本発明は、伸線加工用熱間圧延線材に関する。
スチールコードは、自動車のラジアルタイヤや各種のベルト、ホースの補強材などに用いられている。スチールコードの素材として用いられる細径高強度鋼線は、一般に、以下に示す工程を経て製造されている。熱間圧延した後に調整冷却して、線径(直径)が5〜6mmの熱間圧延線材を得る。次に、熱間圧延線材に一次伸線加工を行い、線径が3〜4mmの線材とする。続いて、線材に1次パテンティング処理を施してから二次伸線加工を行い、線径を1〜2mmとする。更に、線材に2次パテンティング処理とブラスメッキとを施してから最終湿式伸線加工を行い、線径0.1〜0.4mmの細径高強度鋼線(極細鋼線)とする。このようにして製造された細径高強度鋼線は、例えば撚り加工により複数本が撚り合わされて“撚り鋼線”とされ、スチールコードとなる。
細径高強度鋼線の製造工程において行うパテンティング処理とは、良く知られているように、以下に示す処理である。線材をオーステナイト温度領域に加熱して、線材の組織全体をオーステナイト組織とした後、A変態点以下の温度に保持された鉛浴、流動層などの中に浸漬して、パーライト組織が主体となる温度域まで急冷し、その温度域で所定の時間、保定する処理である。
従来、製造コストの低減およびCO削減の観点から、細径高強度鋼線の製造工程において、パテンティング処理の回数を減らすことが要望されている。既に、従来2回行われていたパテンティング処理を1回に減らす技術が広く実施されている。近年、このパテンティング処理を0回にする要望が産業界から出されている。
しかしながら、線径5〜6mmの熱間圧延線材を、パテンティング処理を行うことなく、線径0.1〜0.4mmにまで伸線すると、伸線加工中に断線が頻発する。
そのため、パテンティング処理を行うことなく安定して伸線加工を行うことにより、スチールコードの素材として好適な鋼線を製造できる伸線加工用熱間圧延線材が強く望まれている。
上記要望に応えるべく、例えば以下に示す特許文献1,2に記載の技術が提案されている。

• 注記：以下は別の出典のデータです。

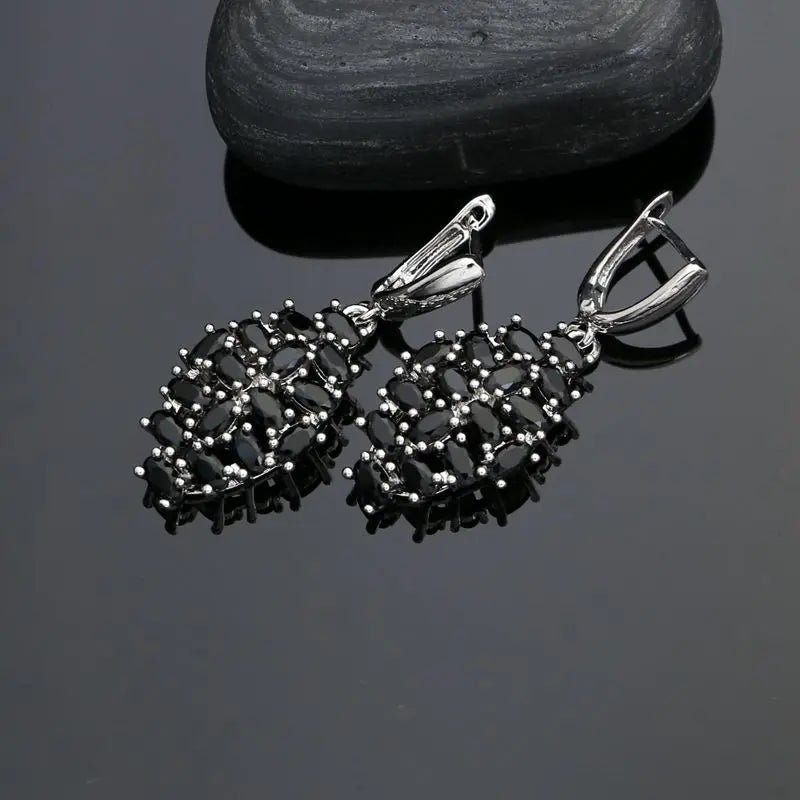 Silver 925 Jewelry Sets For Women Party Accessories Black Cubic Zirconia Earrings Ring Necklace Pendant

特許文献1には、C:0.2〜0.6%、B:0.0003〜0.01%を含み、パーライト組織の面積率、初析フェライト量、アスペクト比が10以上であるラメラセメンタイトの数の割合が所定の範囲である高強度鋼線用線材が開示されている。しかしながら、特許文献1に記載の高強度鋼線用線材では、ラメラセメンタイトの厚さを配慮していない。このため、特許文献1に記載の技術は、伸線加工時の断線を安定して抑制する手段として満足できるものではなかった。
特許文献2には、C:0.35〜0.9%を含み、初析フェライトの面積率および伸線後の引張強さを所定の範囲としたゴム補強用鋼線の製造方法が開示されている。しかしながら、特許文献2に記載の技術では、実施例に記載されているように、伸線加工中にブルーイングと呼ばれる熱処理を行っており、伸線されて形成された伸長ラメラ組織が分断される。このため、伸線加工後に所定の強度を有する鋼線が得られにくく、鋼線の延性も劣化するという問題があった。
特開2014−55316号公報 特開平9−49018号公報
本発明は、上記の事情を鑑みてなされたものであって、スチールコードの素材として好適な鋼線を、パテンティング処理を施すことなく、十分な加工量で伸線加工を行うことにより、安定して製造し得る伸線加工用熱間圧延線材を提供することを課題とする。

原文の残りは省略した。